/* ----------------------------------------------- Comment out annoying Snap... ----------------------------------------------- */

Wednesday, June 28, 2006

BBC Online Monopolist

The BBC site totally dominates Online World-Cup Viewing according to figures released by Nielsen Netratings.

· 3,004,174 people in the UK visited a sports or gambling website the week that finished with the day England beat Ecuador in the first knock-out round (Mon 19th – Sunday 26th June)

· This figure represents a 51% growth in audience to sports and gambling websites over the last four weeks

· 1,015,707 people visited a sports or gambling website on the day of England’s game against Ecuador – beating the 979,188 who visited on the Saturday England played Paraguay in their opening match

· BBC Sport was again the most popular sports website, this time with 1,585,237 Unique Visitors – a 58% share of the weekly sports and gambling audience

To be fair, I think the BBC are doing quite a good job and being quite innovative by broadcasting the matches live over broadband. Also, if you look and compare the BBC site to the second place site, Sky Sports News it is immediately apparent why people prefer the BBC just on content alone. I’m also sure a lot of quality of the BBC Site is due to media rights: Sky have resorted to reproducing artists impressions of goals.

However, my questions are “Is the World Cup really something that should be covered by a Public Broadcaster?” and more importantly “Why is the BBC monopolising the online rights?”

On the Public Broadcasting side the BBC and ITV jointly secured the rights to the World Cup in 2002 and 2006 for £160m. Note, the World Cup is a “listed event” and therefore can only be broadcast on the BBC, ITV or Channel4.

In terms of overall rights, the UK is paying around 12% of total rights, depending upon your £:$ conversion rate.

The BBC/ITV has since secured the rights for the 2010 and 2014 World Cup as part of a not-so-mega €1bn bid securing the rights across the world of Europe. So the BBC and ITV coverage is here to stay and is secured through both a non-competitive and non-transparent tender process. As far as I am aware, ITV and the BBC have not revealed how much the rights cost them individually. Personally, I feel the “listed event” mechanism is just a process to remove Sky from the bidding and secure broadcast rights at a lower than market price.

However, the online rights are not covered by any “listed events” constraints and therefore theoretically could be purchased by anyone. Of course, the BBC does not reveal how much it paid for the on-line rights.

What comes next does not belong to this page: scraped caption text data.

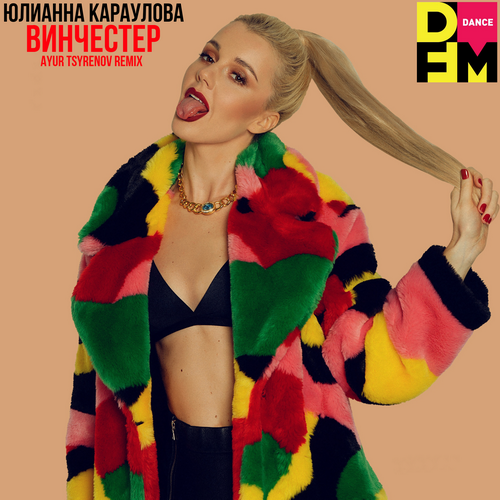 Юлианна Караулова - Винчестер (Ayur Tsyrenov DFM Remix)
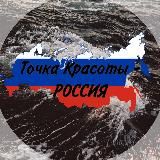 РОССИЯ - ТОЧКА КРАСОТЫ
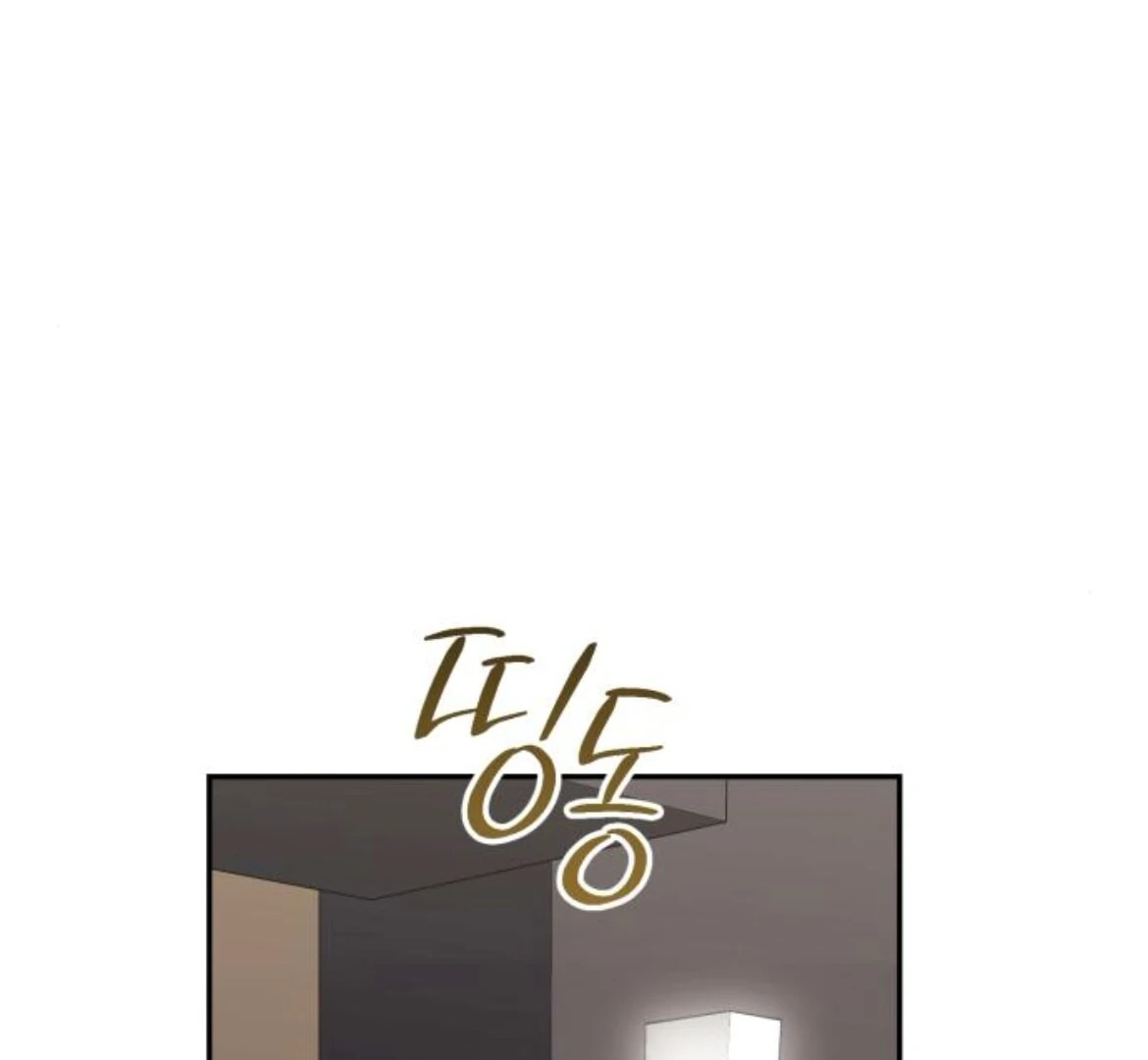Read Not the First Time chapter 36 image 134 on Lezhin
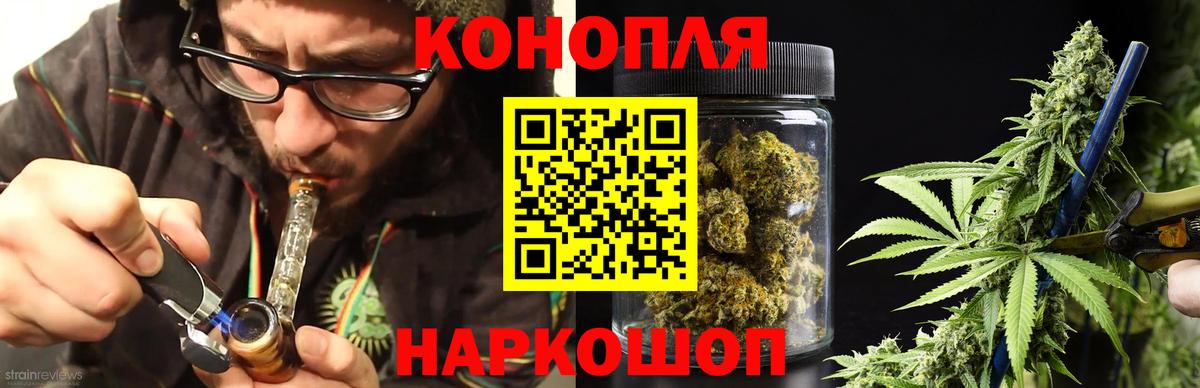Бошки Шишки OG Kush Шебекино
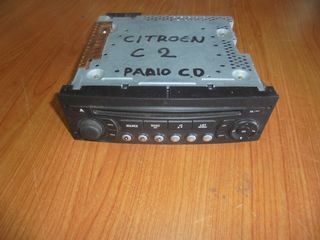 CITROEN  C2   '03'-08' -  Ράδιο-CD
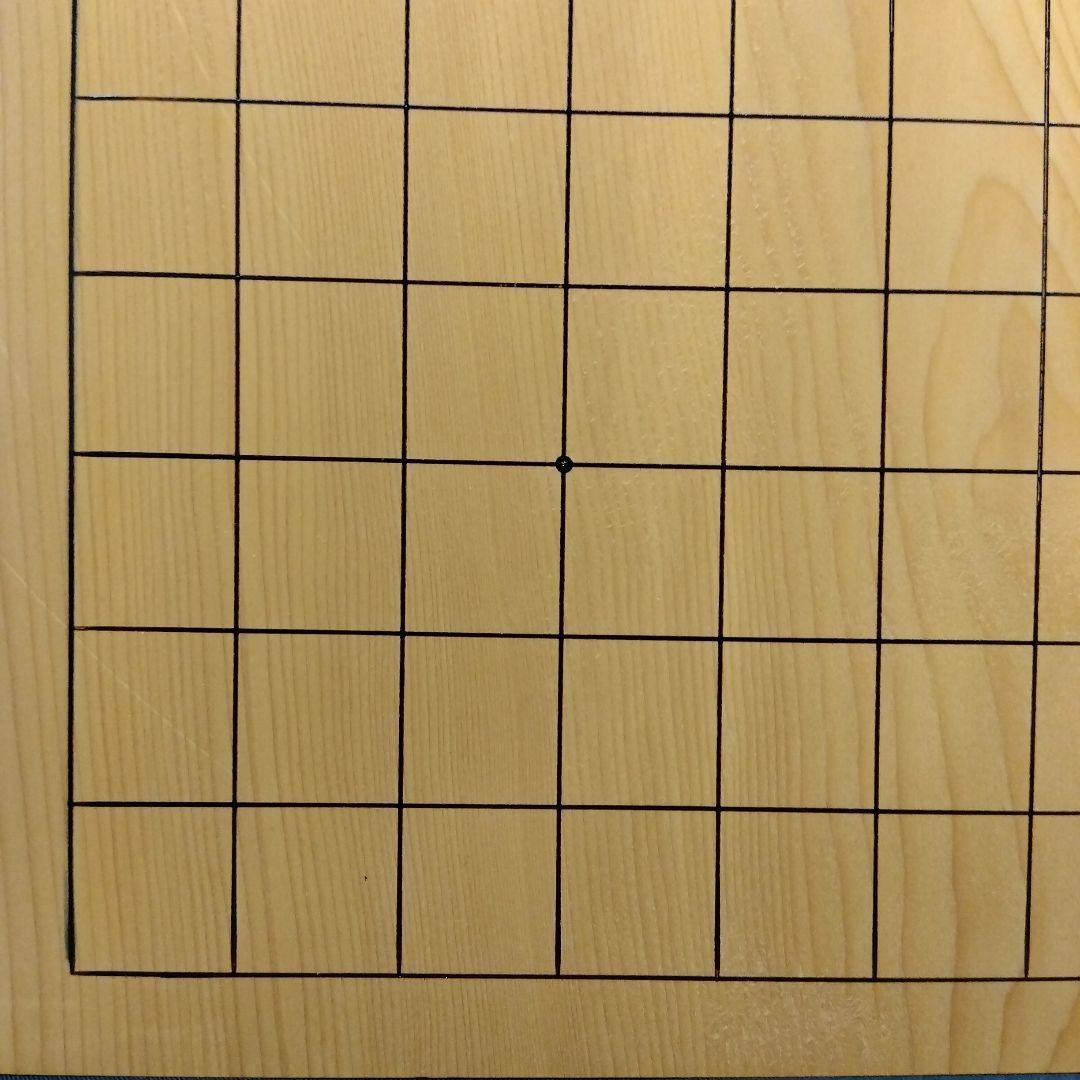 【国産　本榧碁盤　4寸5分　木表】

BBC has huge advantages in terms of the size of team (300) that it has sent out to Germany and no doubt a certain proportion of these are employed fully on BBC New Media work. But, more importantly is the relentless cross-promotion on every World Cup show and on numerous adverts showing up and coming events in between normal BBC programming. Obviously, it would be impossible for a non-broadcaster provider to replicate this promotion. It is also noteworthy that ITV appear nowhere in the online market share world and have no video content, obviously they didn’t buy the “new media” rights. In fact it shows the strength of the SkySports brand that they are beating ITV hands down in the online world.

Personally, I think the BBC is being allowed to be too aggressive in the online space. They currently dominant the news category and I would hate to them expand into other categories.